[What the task requires]: Your answer should consist of each line below that contains the string "Avenue".
::: Task inputs
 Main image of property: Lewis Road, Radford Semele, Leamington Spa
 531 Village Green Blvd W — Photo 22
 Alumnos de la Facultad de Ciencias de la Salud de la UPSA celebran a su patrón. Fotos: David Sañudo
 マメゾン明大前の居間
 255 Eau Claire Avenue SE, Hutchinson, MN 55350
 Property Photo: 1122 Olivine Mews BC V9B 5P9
::::::
::: Task inputs
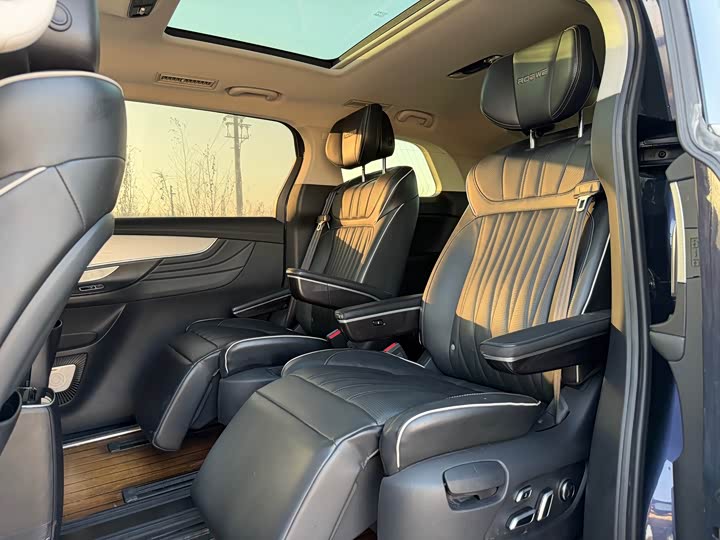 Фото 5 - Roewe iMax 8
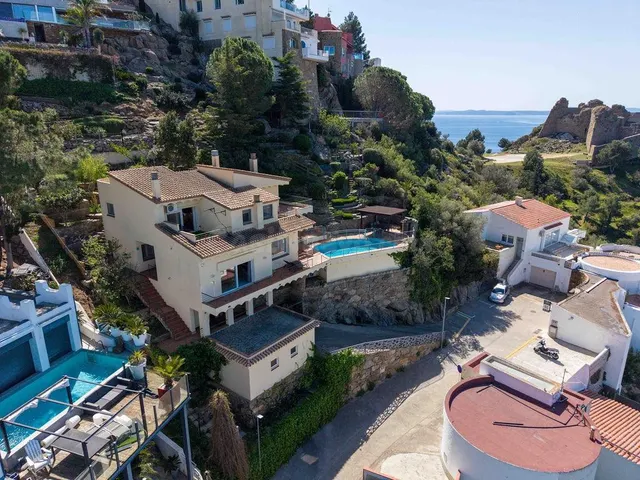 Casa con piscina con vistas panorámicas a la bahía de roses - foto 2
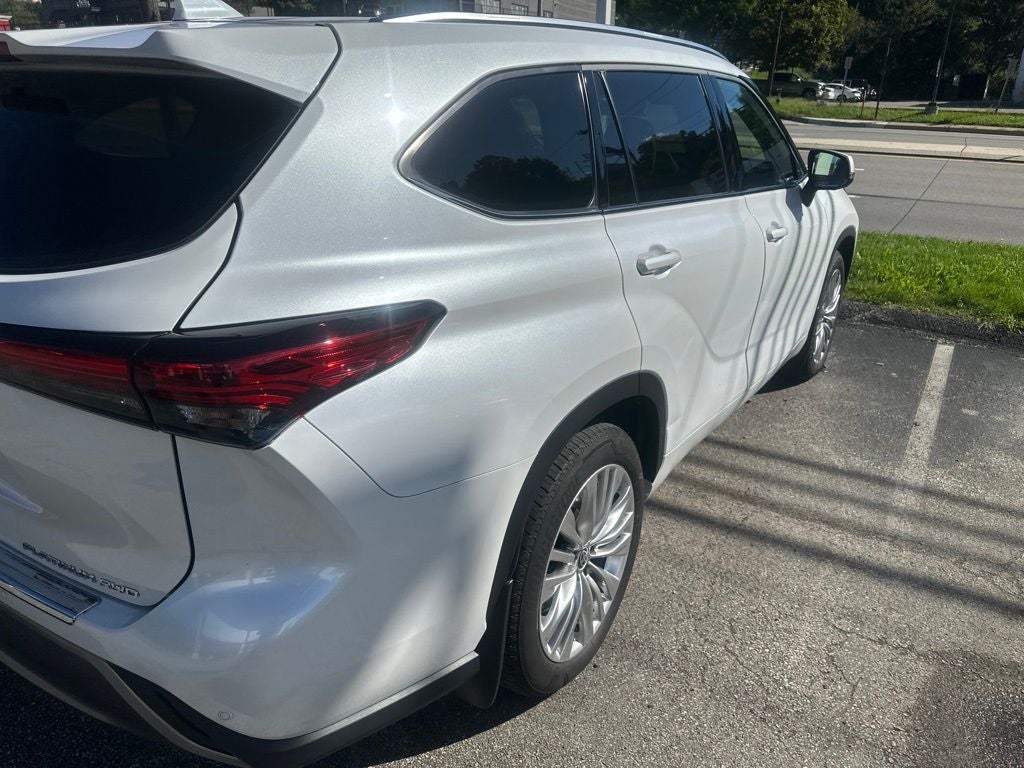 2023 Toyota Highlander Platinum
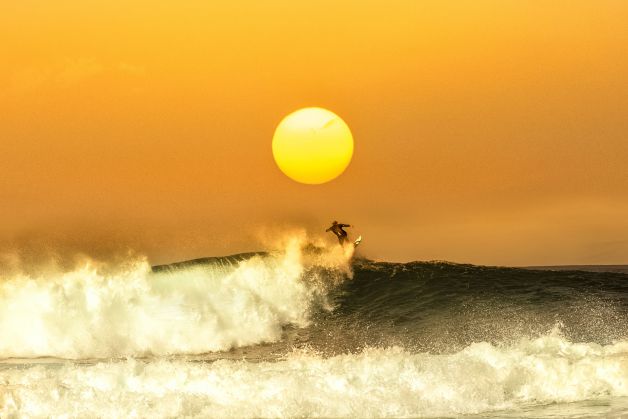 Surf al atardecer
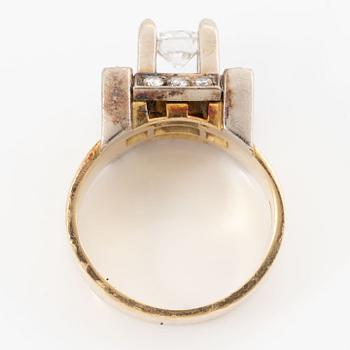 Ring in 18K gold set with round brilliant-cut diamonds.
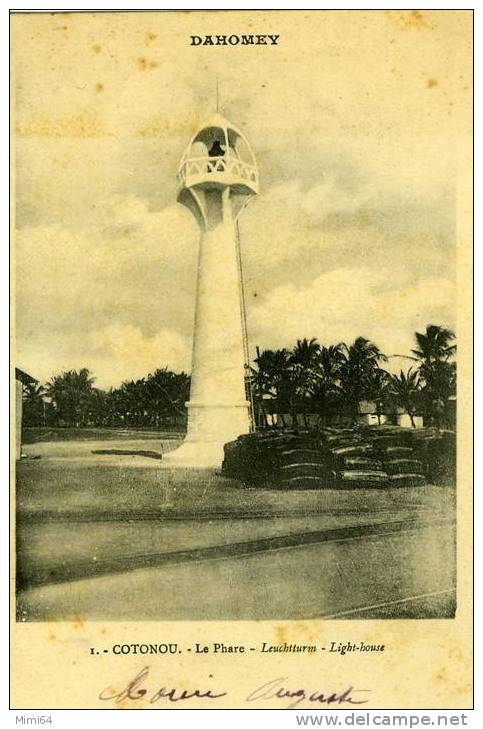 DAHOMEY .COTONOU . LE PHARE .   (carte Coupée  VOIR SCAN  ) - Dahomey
::::::
::: Task inputs
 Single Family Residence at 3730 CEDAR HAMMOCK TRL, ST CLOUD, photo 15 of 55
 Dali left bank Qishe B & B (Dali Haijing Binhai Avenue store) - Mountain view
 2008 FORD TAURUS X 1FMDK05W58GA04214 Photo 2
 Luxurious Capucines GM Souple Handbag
::::::
[Task answer]:
 255 Eau Claire Avenue SE, Hutchinson, MN 55350
 Dali left bank Qishe B & B (Dali Haijing Binhai Avenue store) - Mountain view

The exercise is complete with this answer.